Outro caso referido é o de El Ghalia Djimi, militante da Associação Saharauí das Vitimas de violações graves dos direitos humanos cometidas pelo Estado marroquino (ASVDH) que foi impedida em 2017 de sair de Marrocos para participar nos trabalhos da sessão do Conselho dos DH em Genebra. O relatório afirma, baseado nas observações feitas pelo relator especial para a situação dos defensores dos direitos humanos Michel Forst, que «este caso está longe de ser um caso isolado».
Finalmente o relatório manifesta a sua preocupação pela situação de uma outra mulher saharauí, Mina Baali, vítima da violência e da intimidação por parte das forças de segurança marroquinas.
E poderíamos acrescentar o drama vivido por El Wafi Wakari, estudante saharauí e preso político do grupo Companheiros de El Wali, impedido de receber tratamento médico desde a sua detenção em Janeiro de 2018, apesar de os médicos marroquinos terem informado que ele necessita de cirurgia urgente. Depois de inúmeras queixas da família às autoridades marroquinas e ao CNDH (Comissão Nacional de Direitos Humanos da Marrocos), aos mecanismos da ONU para os direitos humanos e também várias intervenções feitas no parlamento europeu por deputados sobre este caso, a situação médica não melhorou e as autoridades marroquinas continuam a recusar-lhe tratamento médico.
A advogada francesa que agora representa este preso político, Marie Roch, enviou uma queixa detalhada às autoridades de Rabat, enfatizando a violação da própria lei marroquina.
Entretanto, segundo a Asociación Canaria de Amistad con el Pueblo Saharaui e a Comunidade Saharauí residente em Tenerife, mais de uma centena de saharauís ficaram feridos durante os protestos que ocorreram em El Aaiún aquando da visita delegação da Comissão Europeia para denunciar a espoliação dos recursos naturais do Sahara por parte do regime marroquino.

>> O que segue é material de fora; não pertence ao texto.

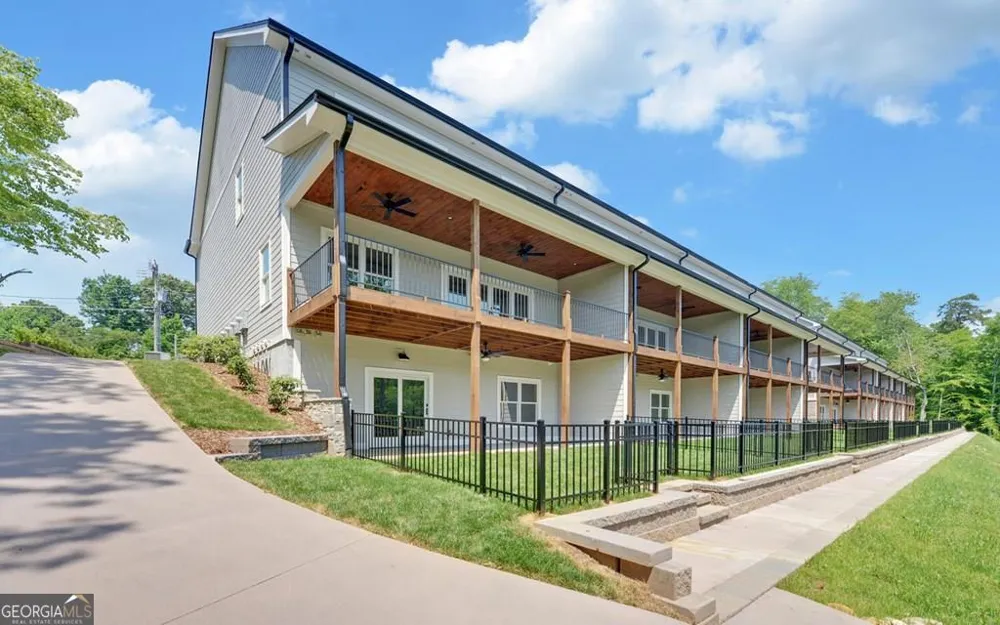 778-C Main ST Hiawassee, GA 30546
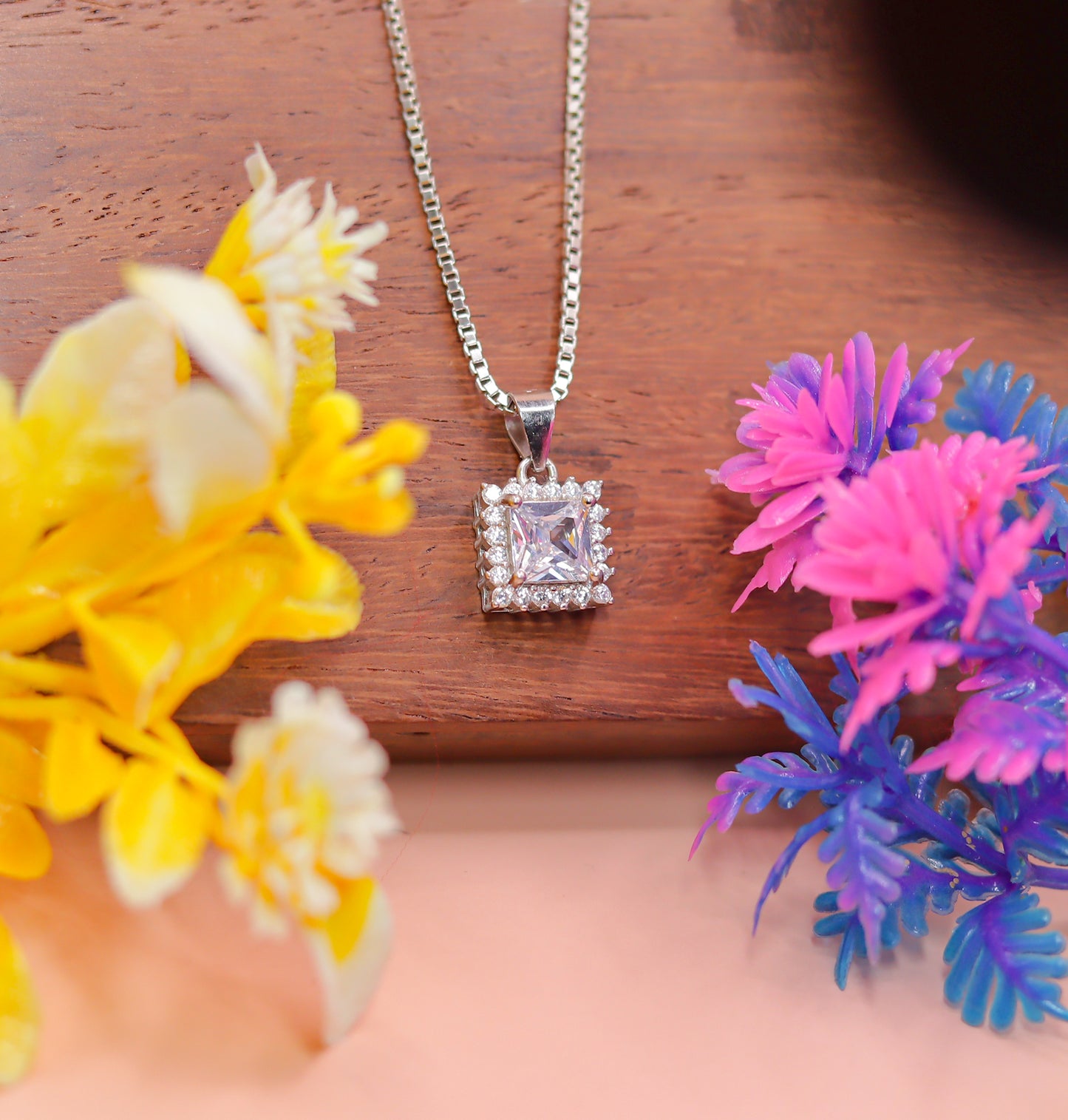 Elegant Square-Cut 925 Silver Pendant with Sparkling Stones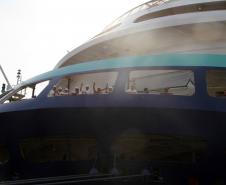 Chegando fora da temporada oficial, a embarcação permanece no Litoral paranaense por quase dois dias. Segundo a agência, esta parada não teria envolvimento com o próximo jogo do calendário da copa.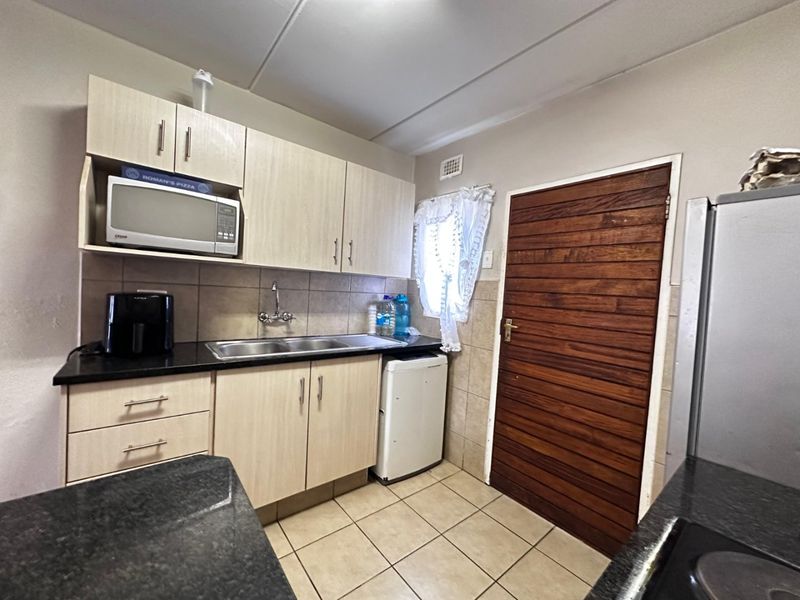 2-Bedroom Ground Floor Apartment to Rent in Theda Oaks – R7,000 per Month - Photo 3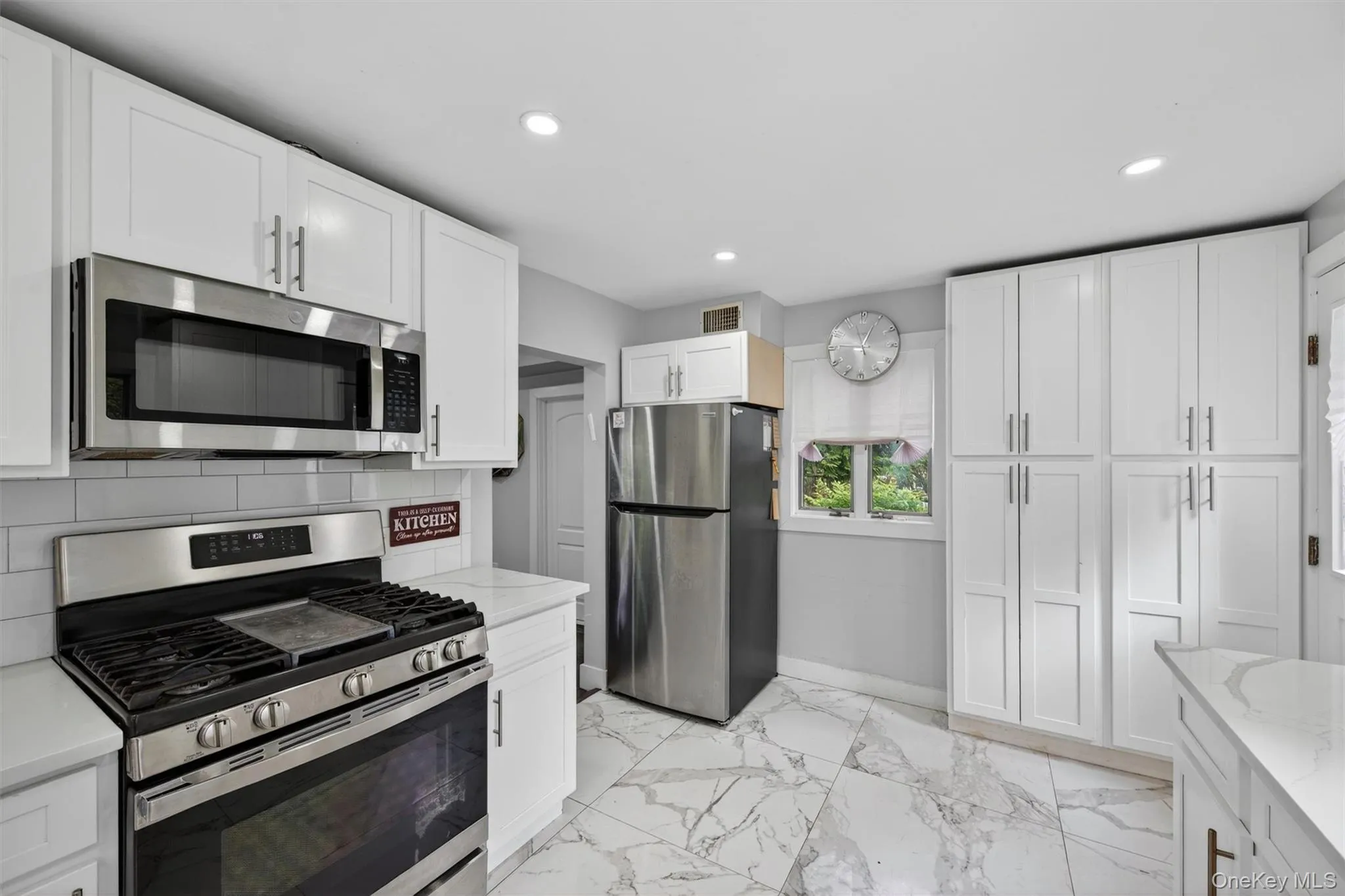 414 Buena Vista Road, Clarkstown, NY, 5 Bedrooms Bedrooms, 9 Rooms Rooms,3 BathroomsBathrooms,Residential,For Rent,Buena Vista,0,1011924 414 Buena Vista Road, Clarkstown, NY, 5 Bedrooms Bedrooms, 9 Rooms Rooms,3 BathroomsBathrooms,Residential,For Rent,Buena Vista,0,1011924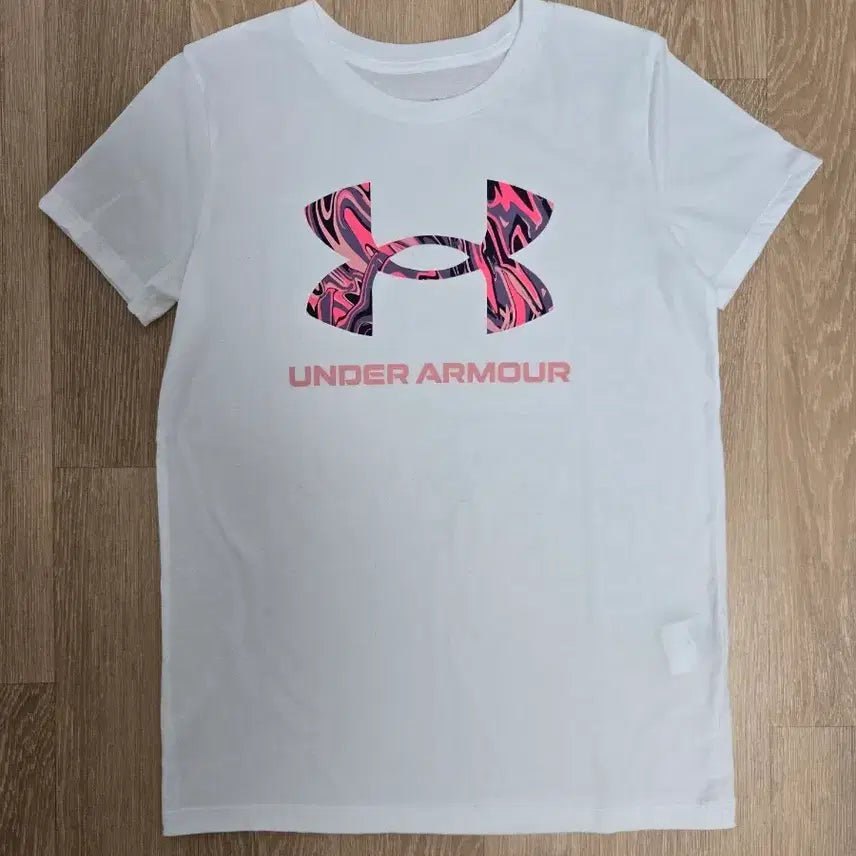 [BUNJANG] Under Armour T-Shirt White M New / 언더아머 반팔티 화이트 M 새상품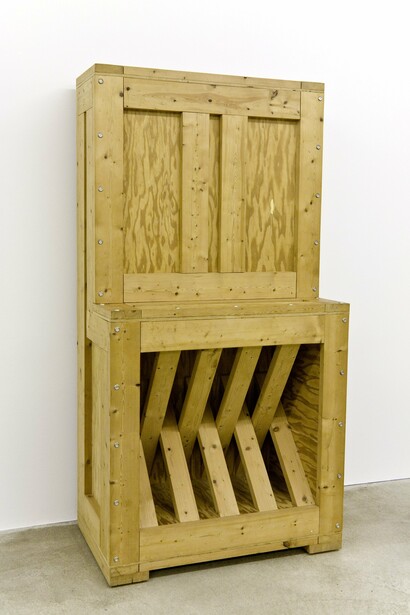 Richard Artschwager,
RA-19, 1995,
Wood, screws,
99 x 194.5 x 61 cm | 76 1/2 x 39 x 24 inches
© Estate of Richard Artschwager/VG Bild-Kunst, Bonn,
2024,
Courtesy Sprüth Magers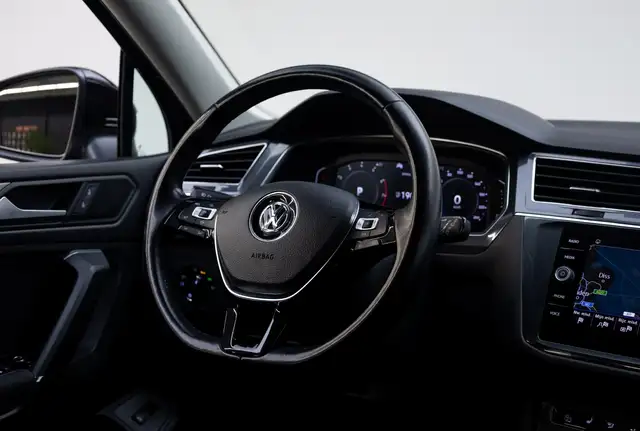 Volkswagen Tiguan Allspace view 7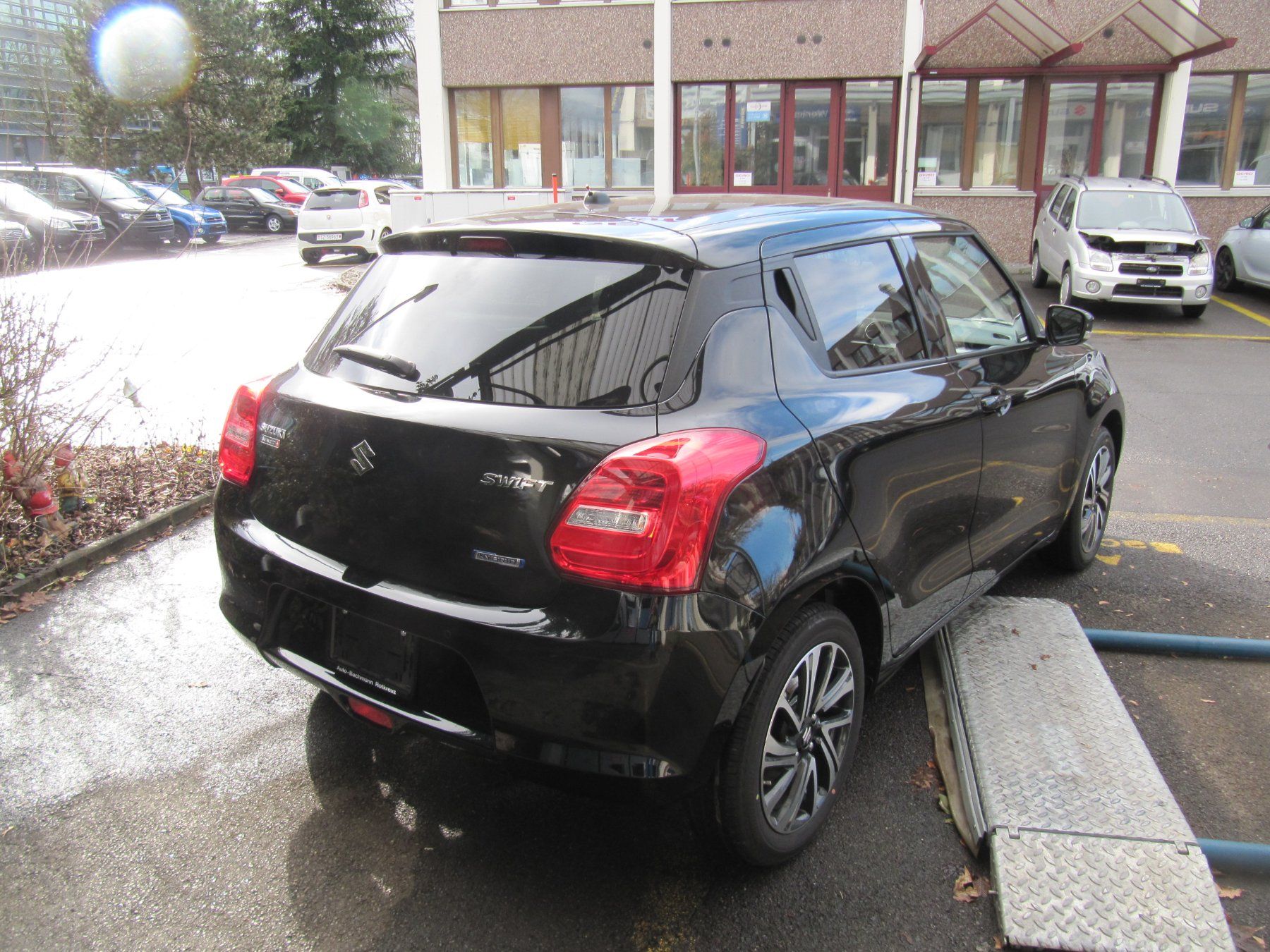 Suzuki Automobili: Suzuki Swift 1.2 Top Hybrid – Usato da Rotkreuz venduto da auto-bachmann 5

Entre as vítimas desses confrontos está Sultana Jaya, que asseguram terá sido encontrada inconsciente e com sinais de espancamento após a polícia marroquina ter dispersado as manifestações. Sultana é conhecida pelo seu activismo, mas principalmente notabilizou-se durante os protestos dos estudantes saharauís que tiveram lugar em Marraquexe, em 2007, quando centenas de estudantes saharauís protestaram contra o tratamento diário de que eram alvo por parte de professores e polícias.
Foi então presa pelas forças de segurança de Marrocos e levada para interrogatório, durante o qual perdeu um dos olhos. Como a sua história foi divulgada na Internet, tornou-se de imediato um símbolo da resistência saharauí contra a ocupação e as violações dos direitos humanos por parte de Marrocos.
Vários poetas e cantores saharauís têm escrito poemas e canções sobre a sua experiência e testemunho. Esteve em Espanha onde foi sujeita a uma delicada cirurgia ocular. Desde então, recebeu muitos prémios de direitos humanos, continua a participar em diferentes conferências e prossegue o seu activismo contra a ocupação marroquina.